◆ SUPPLIED MATERIAL ◆
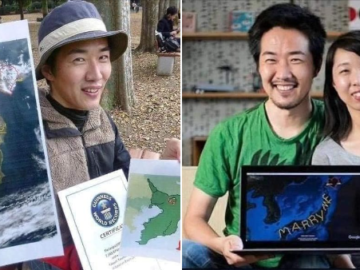 Yasushi Takahashi Recorrio Todo Japon En 6 Meses Para Pedir Matrimonio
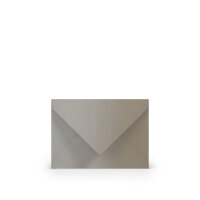 Paperado-Briefumschlag DIN C7., taupe metallic -...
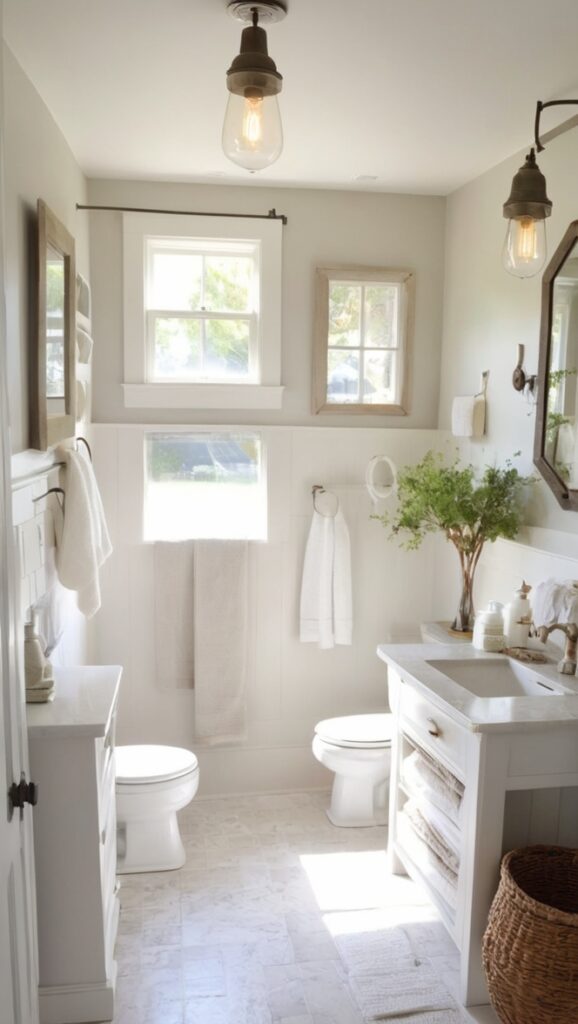 small bathroom design, bathroom remodeling ideas, farmhouse style bathrooms, budget bathroom renovation, modern farmhouse bathroom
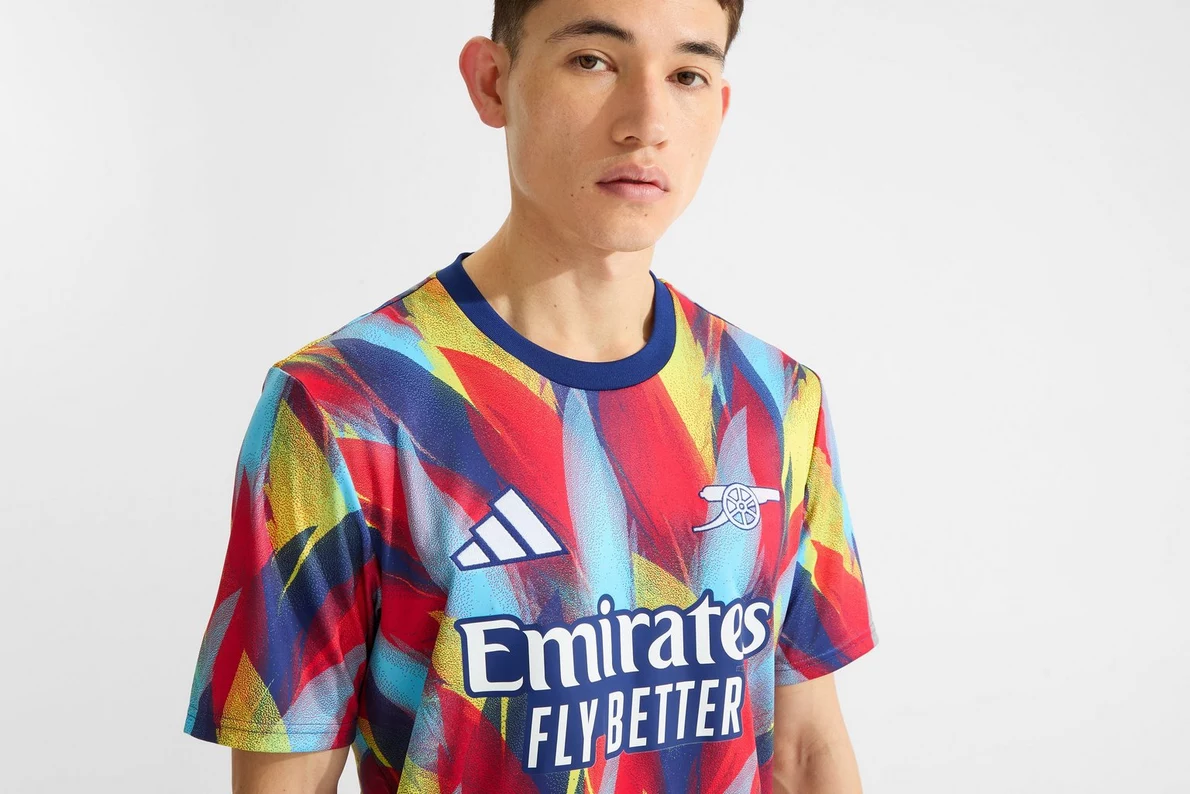 Arsenal Pre-Match Shirt 2025/26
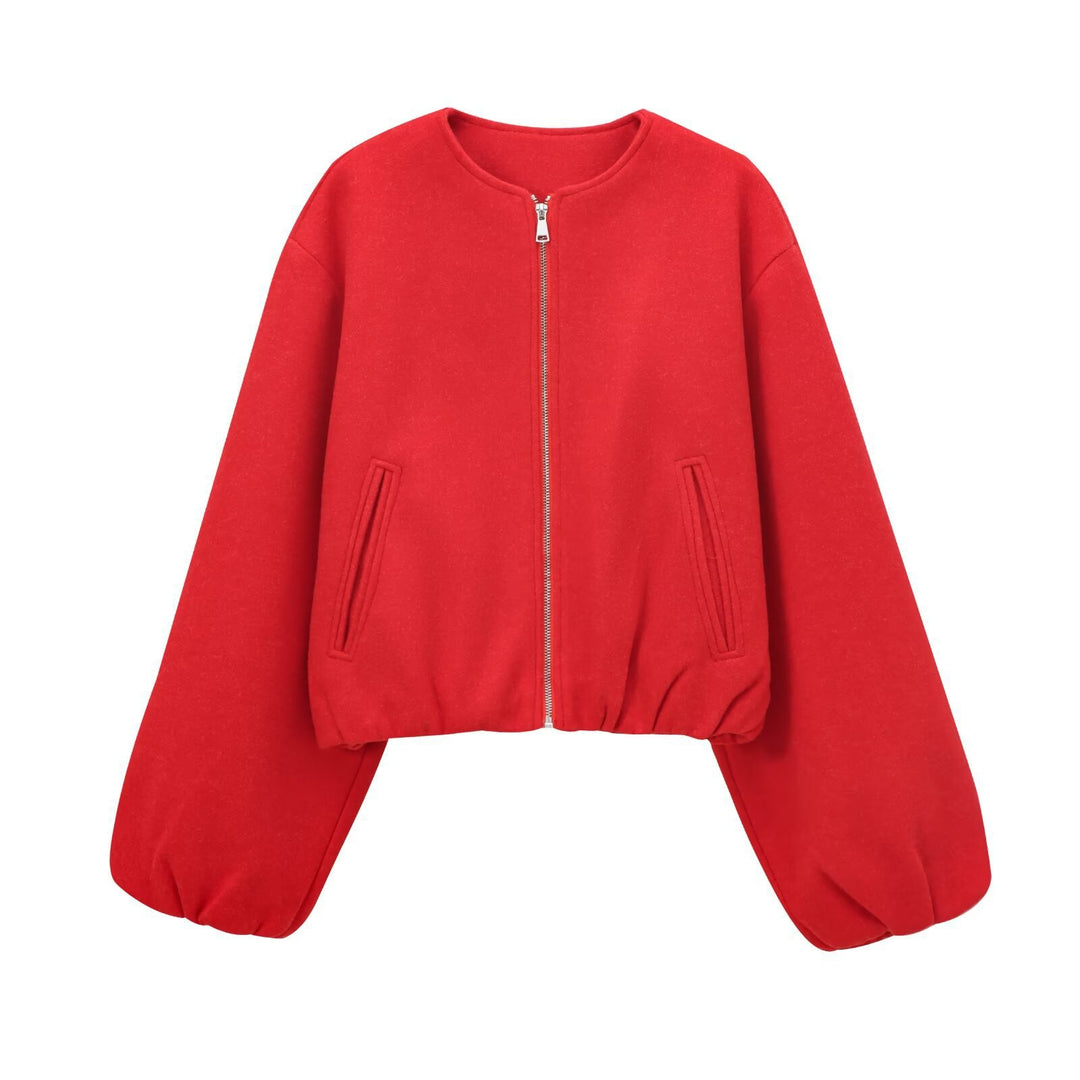 Women's Sporty Bomber Jacket
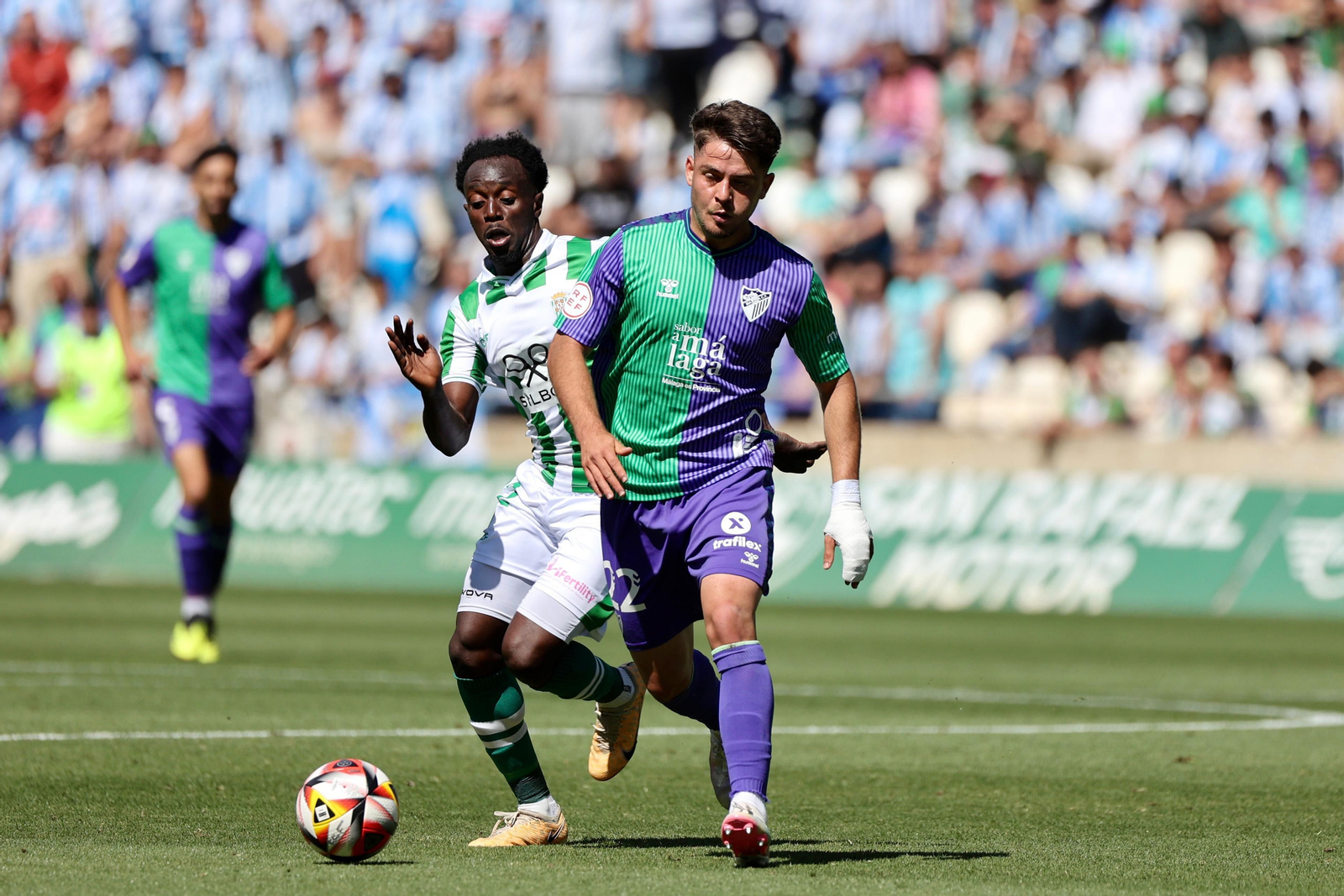 El Córdoba - Málaga CF, en fotos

◆ THE TASK ◆
No pictures belong in the answer, only the lines from the top of the listing through the line containing "Arsenal Pre-Match Shirt 2025/26", repeated word for word.

◆ RESULT ◆
 Yasushi Takahashi Recorrio Todo Japon En 6 Meses Para Pedir Matrimonio
 Paperado-Briefumschlag DIN C7., taupe metallic -...
 small bathroom design, bathroom remodeling ideas, farmhouse style bathrooms, budget bathroom renovation, modern farmhouse bathroom
 Arsenal Pre-Match Shirt 2025/26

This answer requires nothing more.